À mon humble avis, la communauté internationale, dont notamment l’Union Européenne et la France, a une grande responsabilité dans l’apaisement du conflit, ainsi que dans le soutien à la reconstruction et la relance économique. Des pressions diplomatiques sur les bailleurs de fonds régionaux qui financent le Hezbollah, et sur les factions politiques internes pourraient également contribuer à réduire les tensions qui freinent les réformes structurelles nécessaires. Un Liban enfin stable, c’est le vœu de tous les Libanais.

La France a une longue histoire d’implication au Liban, et son rôle dans le cessez-le-feu en témoigne. Voyez-vous des initiatives de la part des communautés expatriées, notamment françaises, pour participer à la reconstruction ou à la stabilisation post-conflit ?

La France ayant des relations séculaires avec le Liban, les expatriés sont retrouvés dans presque tous les secteurs majeurs du développement économique du pays ; les entreprises françaises, y représentant un atout majeur, sont une sorte de « baromètre » pour les Libanais. Leur rôle pourrait par ailleurs être amplifié par des programmes spécifiques de reconstruction, de telles actions concertées pouvant éventuellement redonner confiance aux investisseurs internationaux et aux expatriés libanais, troublés de voir de loin leur pays aussi fragilisé.
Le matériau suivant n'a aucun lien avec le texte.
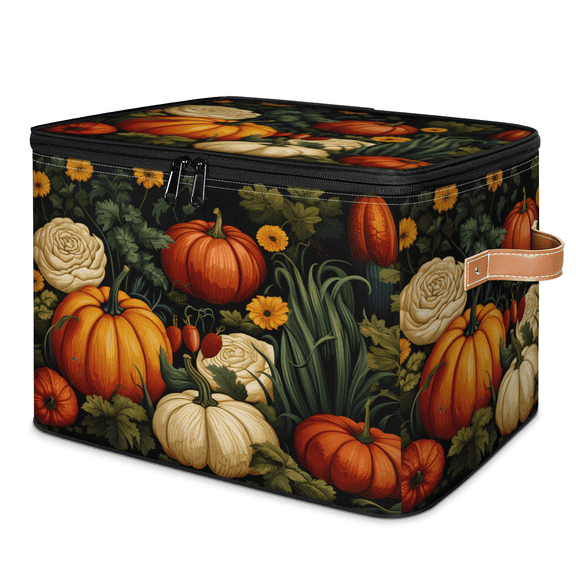 CURLYOOT Fall Pumpkin Storage Bins with Zipper Lid Fabric Storage Baskets Boxes Autumn Plants Washable Foldable Clothes Organizer Container with Leather Handles for Shelves Closet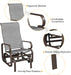 Outdoor Patio Glider, Rocking Lounge Chair with Sling Fabric and Steel Construction for Porch Patio Balcony Set of 2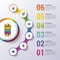 Infographic design template. Battery concept. Colorful circle with icons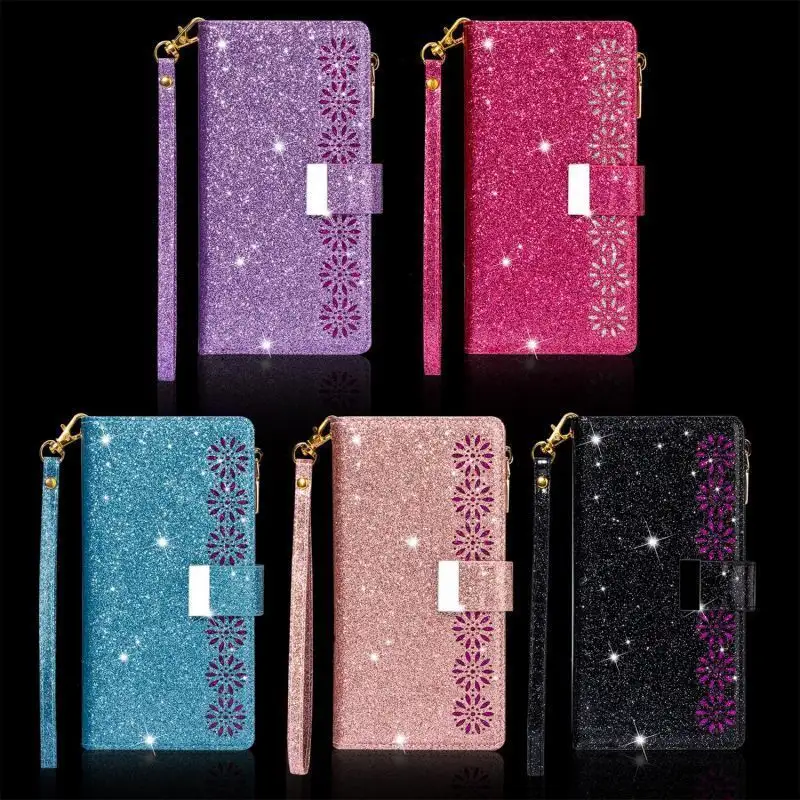 for iphone 13 glitter flip kickstand card slot holder mobile cover pu leather wallet phone case for iphone 13 mini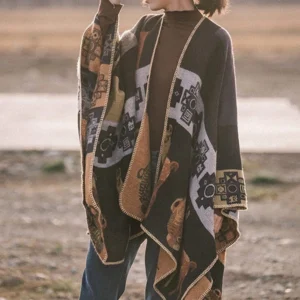 Tibetan alpaca geometric poncho shawl tribal pattern front view lakeside outdoor ethnic wrap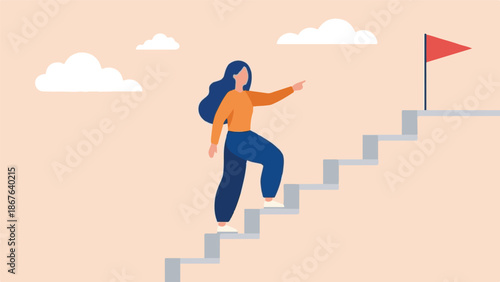 Determined Woman Climbs Stairs to Reach Goal, Success and Aspiration Concept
Avez-vous autre chose à ajouter ?

Mon seul souhait est que cette guerre permettra au Liban de retrouver sa liberté et son indépendance. La France, de son côté, aura un rôle principal dans notre redressement économique, grâce aux relations privilégiées qui relient les deux pays. Je suis confiant pour l’avenir : le Liban a toujours été une terre d’accueil et de résilience, où diverses communautés vivent ensemble depuis des siècles.

Ghassan Ayoub, Conseiller des Français de l’étranger au Liban.